Image-text web data
▬▬▬▬▬▬

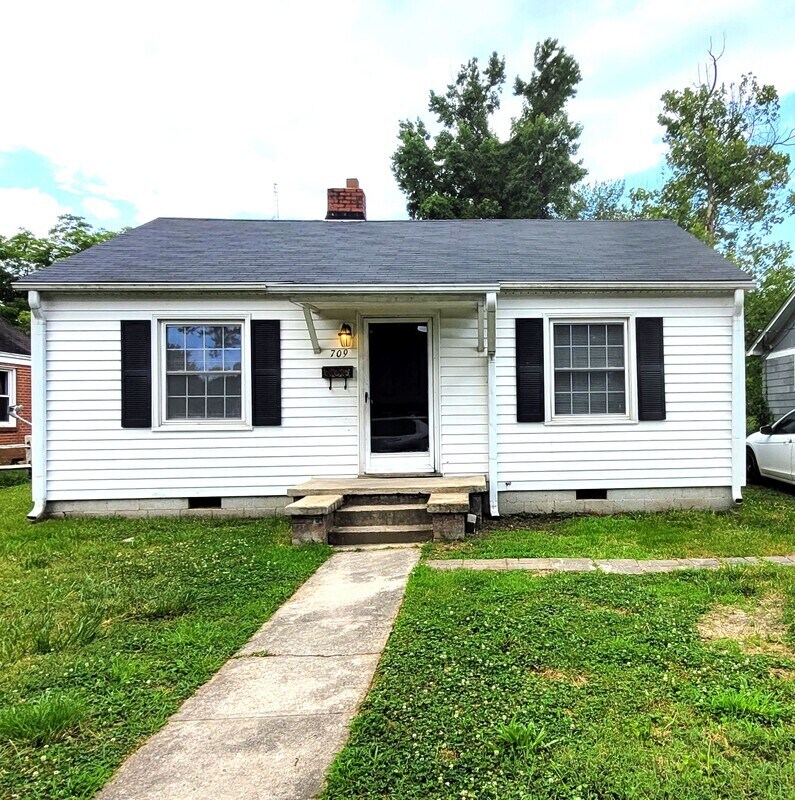 Primary Photo - 709 Mcpherson St
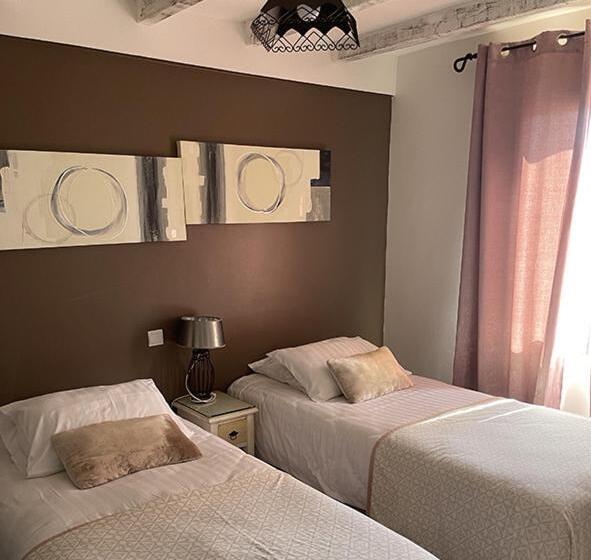 غرفة قياسية, Les Loges Du Luberon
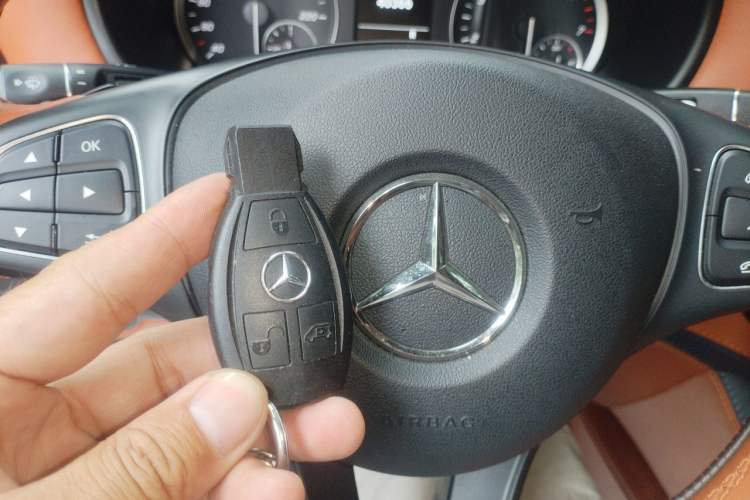 Used Mercedes-Benz Vito 2021 2.0T Elite Version 7 Seats Vehicle Key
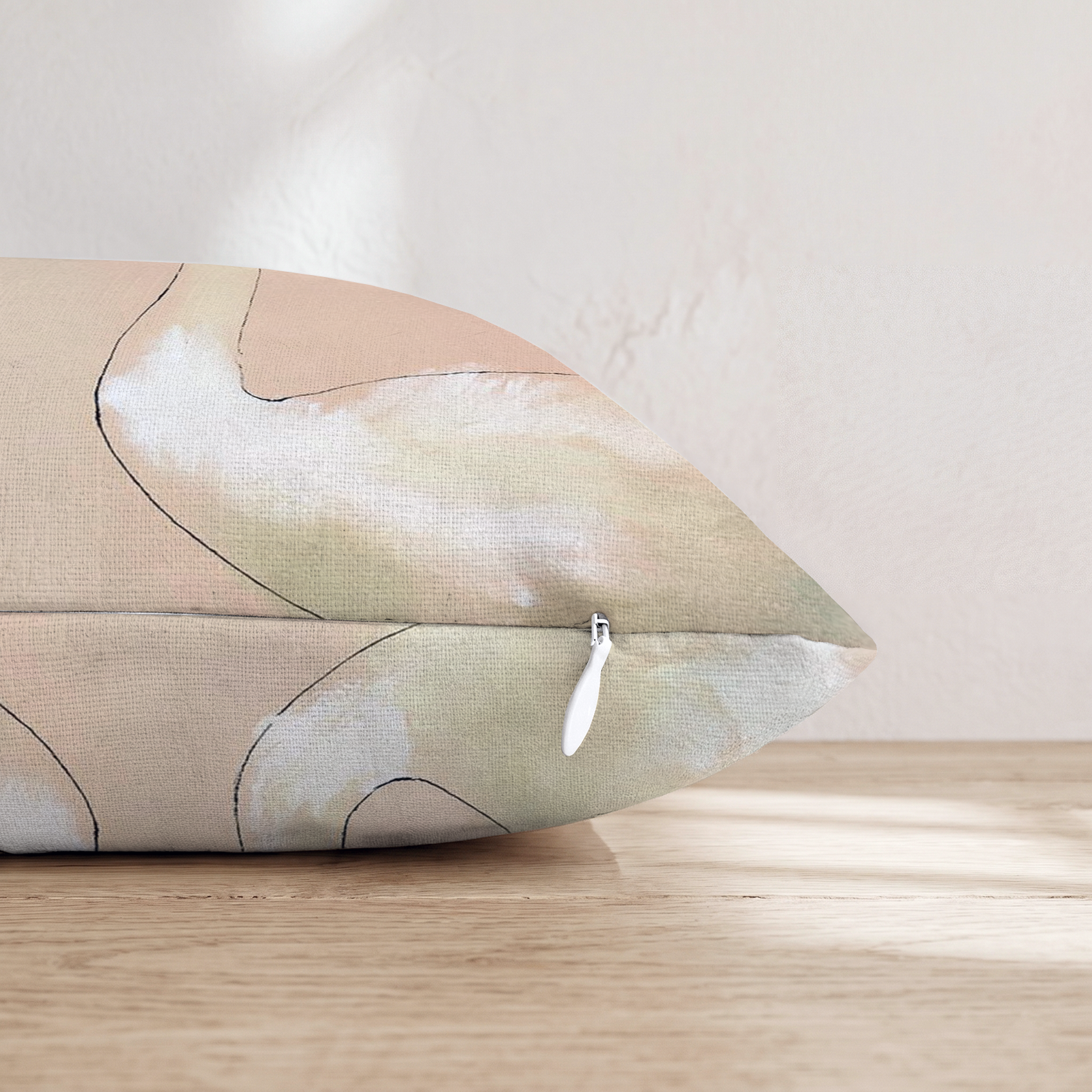 HH548737 HH548737_pillow_edge_zipper.png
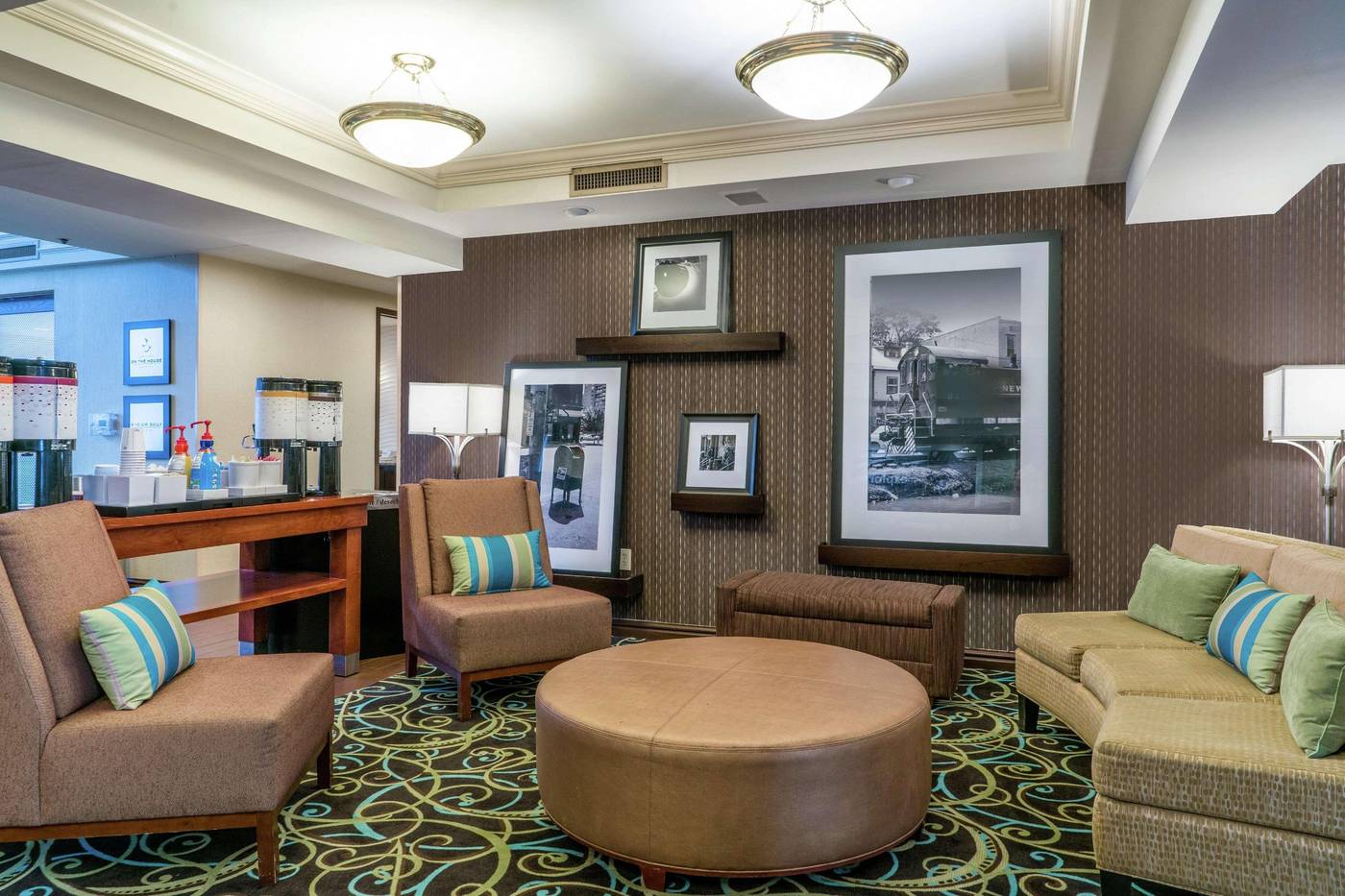 Hampton Inn & Suites Valley Forge/Oaks-United States-PHOENIXVILLE-Lobby-6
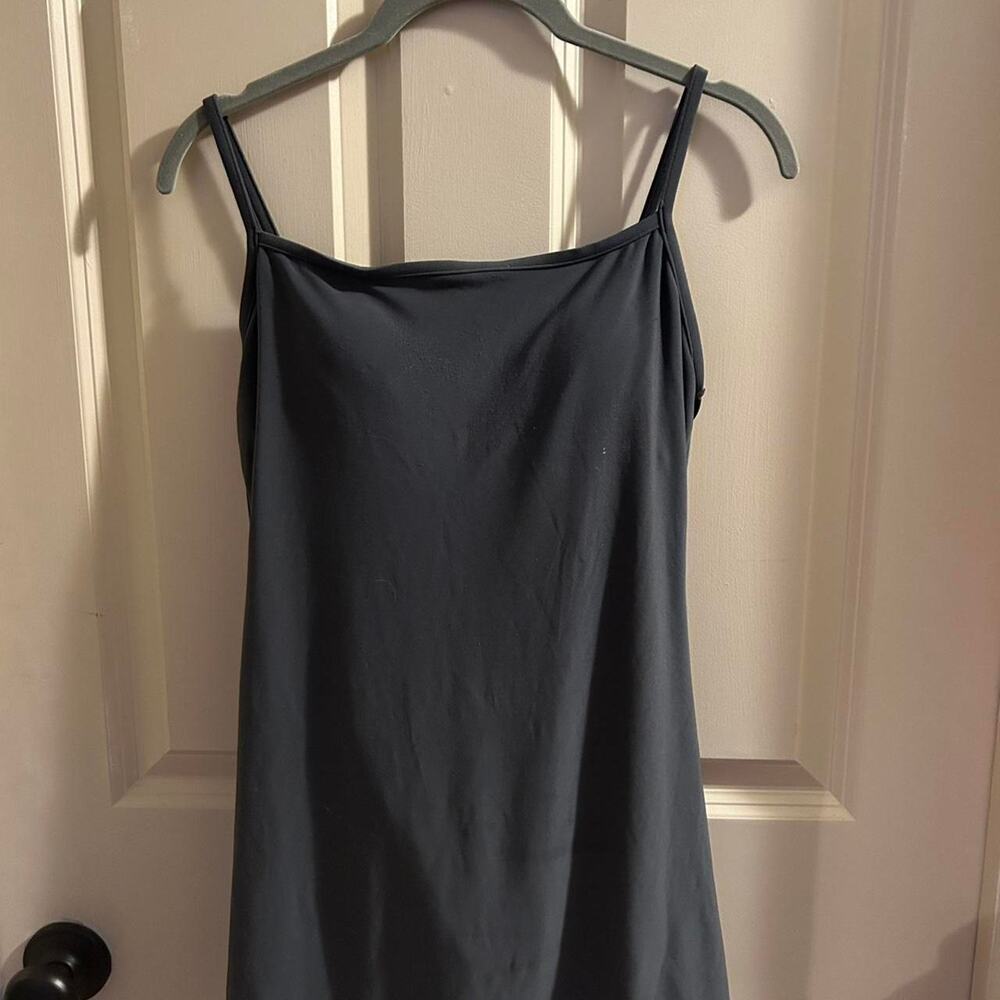 Black tank top giving super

▬▬▬▬▬▬

■ What you should do: Every line between the one containing "Used Mercedes-Benz Vito" and the last line of the data above, both included, should be copied exactly, but not the pictures.

■ Task result:
 Used Mercedes-Benz Vito 2021 2.0T Elite Version 7 Seats Vehicle Key
 HH548737 HH548737_pillow_edge_zipper.png
 Hampton Inn & Suites Valley Forge/Oaks-United States-PHOENIXVILLE-Lobby-6
 Black tank top giving super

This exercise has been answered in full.